## INPUT DATA:

⟨

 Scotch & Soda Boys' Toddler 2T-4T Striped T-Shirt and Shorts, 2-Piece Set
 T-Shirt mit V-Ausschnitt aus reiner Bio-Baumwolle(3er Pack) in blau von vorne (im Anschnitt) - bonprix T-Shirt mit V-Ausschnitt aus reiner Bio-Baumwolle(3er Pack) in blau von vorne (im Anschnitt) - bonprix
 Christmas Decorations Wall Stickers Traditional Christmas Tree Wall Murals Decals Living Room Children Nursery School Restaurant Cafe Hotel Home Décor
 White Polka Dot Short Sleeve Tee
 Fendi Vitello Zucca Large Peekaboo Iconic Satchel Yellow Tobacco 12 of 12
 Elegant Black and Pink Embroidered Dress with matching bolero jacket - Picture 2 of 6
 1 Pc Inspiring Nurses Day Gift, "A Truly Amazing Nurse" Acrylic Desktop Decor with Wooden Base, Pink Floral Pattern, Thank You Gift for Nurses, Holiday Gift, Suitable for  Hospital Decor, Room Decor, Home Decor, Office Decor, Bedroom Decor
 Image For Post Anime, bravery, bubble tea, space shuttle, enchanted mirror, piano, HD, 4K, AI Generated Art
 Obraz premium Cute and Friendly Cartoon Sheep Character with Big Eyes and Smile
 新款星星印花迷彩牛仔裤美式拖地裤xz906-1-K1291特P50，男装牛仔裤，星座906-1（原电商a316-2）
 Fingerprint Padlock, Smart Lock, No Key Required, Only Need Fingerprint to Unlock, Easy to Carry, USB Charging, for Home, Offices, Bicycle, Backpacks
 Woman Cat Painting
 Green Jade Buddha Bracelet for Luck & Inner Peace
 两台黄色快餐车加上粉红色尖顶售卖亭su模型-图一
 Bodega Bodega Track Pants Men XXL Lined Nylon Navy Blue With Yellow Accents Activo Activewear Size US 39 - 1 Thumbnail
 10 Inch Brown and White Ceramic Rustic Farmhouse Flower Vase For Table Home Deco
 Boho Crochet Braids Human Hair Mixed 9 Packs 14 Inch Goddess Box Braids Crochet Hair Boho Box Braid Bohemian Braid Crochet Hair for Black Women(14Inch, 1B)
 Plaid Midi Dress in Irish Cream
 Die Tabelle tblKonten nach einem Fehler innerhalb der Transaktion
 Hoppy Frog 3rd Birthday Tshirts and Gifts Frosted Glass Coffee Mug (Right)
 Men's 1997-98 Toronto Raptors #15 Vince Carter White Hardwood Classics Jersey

⟩

## TASK TO CARRY OUT:
Everything from the line containing "Boho Crochet Braids" through the final line of the records is what you should print, exactly and with nothing added.

## SOLUTION TO THIS EXERCISE:
 Boho Crochet Braids Human Hair Mixed 9 Packs 14 Inch Goddess Box Braids Crochet Hair Boho Box Braid Bohemian Braid Crochet Hair for Black Women(14Inch, 1B)
 Plaid Midi Dress in Irish Cream
 Die Tabelle tblKonten nach einem Fehler innerhalb der Transaktion
 Hoppy Frog 3rd Birthday Tshirts and Gifts Frosted Glass Coffee Mug (Right)
 Men's 1997-98 Toronto Raptors #15 Vince Carter White Hardwood Classics Jersey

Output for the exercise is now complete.